Sam Perkins, who landed in Chapel Hill, N.C., before Michael Jordan, gave up running three or four seasons ago. He kind of lopes to his spots on the floor now. His nickname is the Big Smooth, perhaps because at times he appears to be asleep and functions at two speeds, slow and slower.

Perkins is one of the two members of the team who is familiar with the NBA Finals. Zan Tabak is the other, if you count his contributions as a designated clapper with the Rockets in 1995. Tabak performs the same service for the Pacers.

The Pacers are kind of the Utah Jazz of the Eastern Conference. They took forever to get this far, and now that they are here, they are said to be too old to do anything about it, starting with 36-year-old Chris Mullin, far removed from his days as a 25-point-a-game scorer with the Warriors.

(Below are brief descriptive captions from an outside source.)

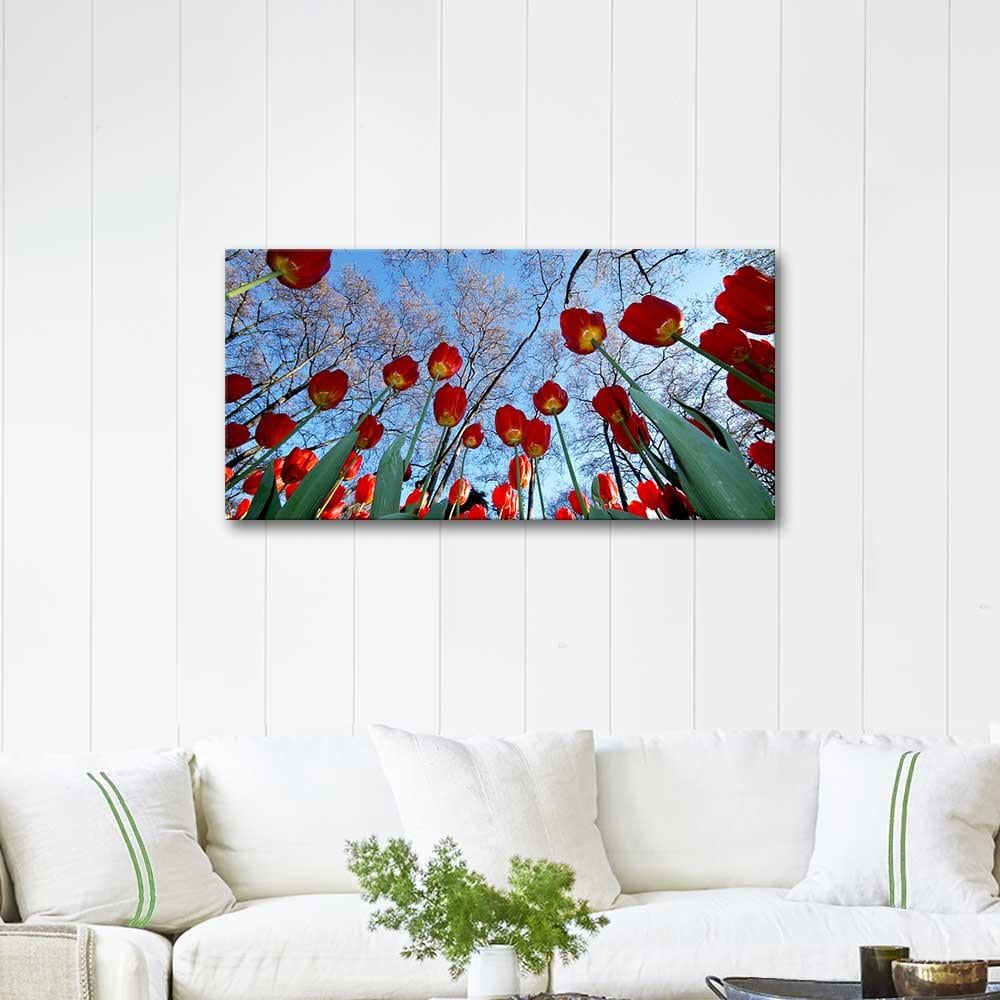 Osman Karamehmetoglu Tulip Garden Art Print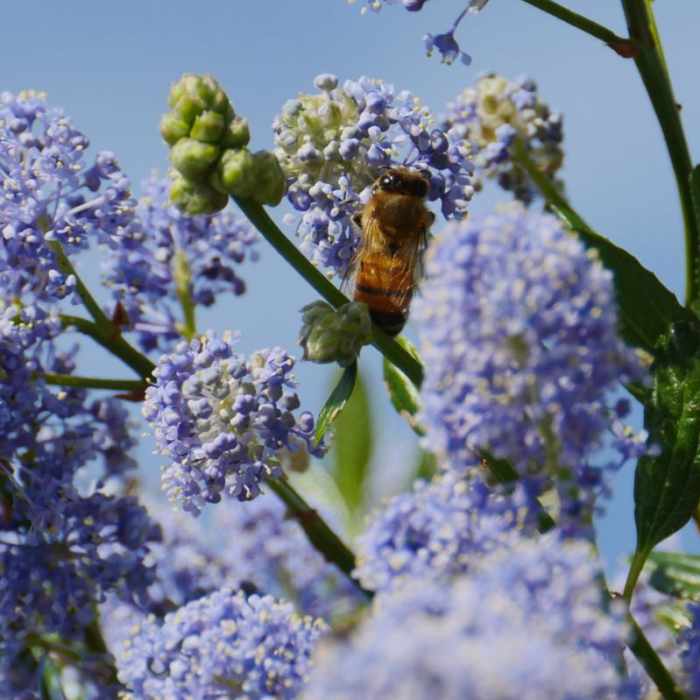 Near Westwood Hills Park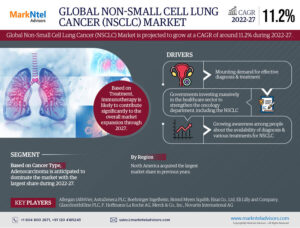 Read more about the article Global Non-Small Cell Lung Cancer Market Share Analysis – Industry Trends and Forecast to 2027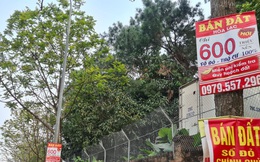 Đất nền hết 'sốt', nhà đầu tư đổ xô 'săn' căn hộ?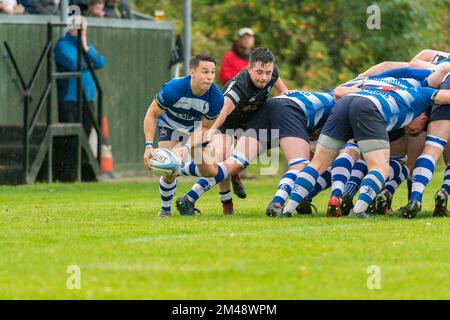 Howe of Fife Scrum windet zur Hälfte auf, um den Ball von der Rückseite des Scrums im Rugby-Club Berwick gegen Howe of Fife Rugby-Club Männer-Spiel zu übergeben Stockfoto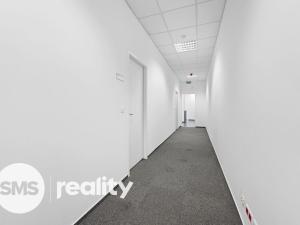 Pronájem obchodního prostoru, Brno - Trnitá, Škrobárenská, 450 m2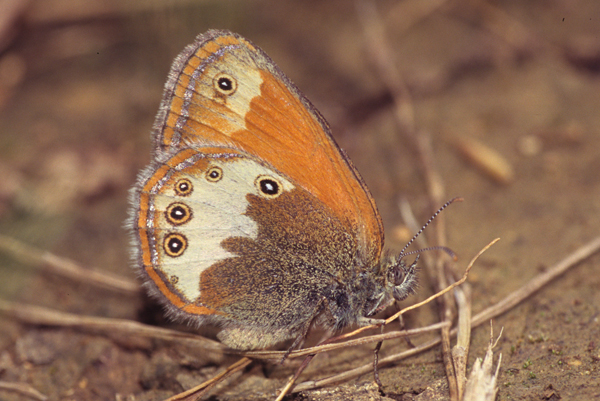 Tweekleurig hooibeestje 1 - Coenonympha arcania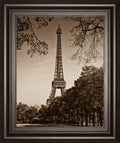 An Afternoon Stroll-pari By Maihara - Real Glass - Light Brown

Perkins is coming up on his 39th birthday. Mark Jackson is 35, Reggie Miller is 34, Derrick McKey is 33 and Rik Smits' feet are 103.

Smits is emblematic of the Pacers. In some games, he is painful to watch, unable to perform the most perfunctory tasks, such as catching the ball. In other games, he is a viable option on offense, the best 7-foot-4 spot-up shooter in the NBA.

Larry Bird is the straight-talking coach who professes not to be very good at what he does. It has become fashionable to take him at his word.

Bird deflects the credit to his two assistants, Dick Harter and Rick Carlisle. A coaching staff of three is small by NBA standards but reflective of Bird's old-school ways. Bird is walking away from coaching after the season, his version of term limits set at three seasons, which is at odds with the lifers who populate the coaching ranks.

He already has warned his players about what is ahead. They don't know what it is like to be on the NBA's largest stage. Bird knows only too well from his playing days with the Celtics in the '80s. No June was complete unless Bird and Magic Johnson were on the floor.

The challenge for the Pacers is not to be content with where they are, despite their history. Four previous trips to the conference finals, going back to 1994 and Larry Brown, resulted in elimination.

They have a shooter's chance, with Miller being a big-game shooter of the highest order. His 3-pointers atone for all kinds of mistakes, even the team's sometimes noticeable lack of grit.

Jalen Rose is the wild card. He has come so far in a relatively short time from the first player off the bench to the team's leading scorer in one year but when the lights are brightest, will he blink?

That question is probably applicable to the rest of the Pacers as well, Perkins excluded.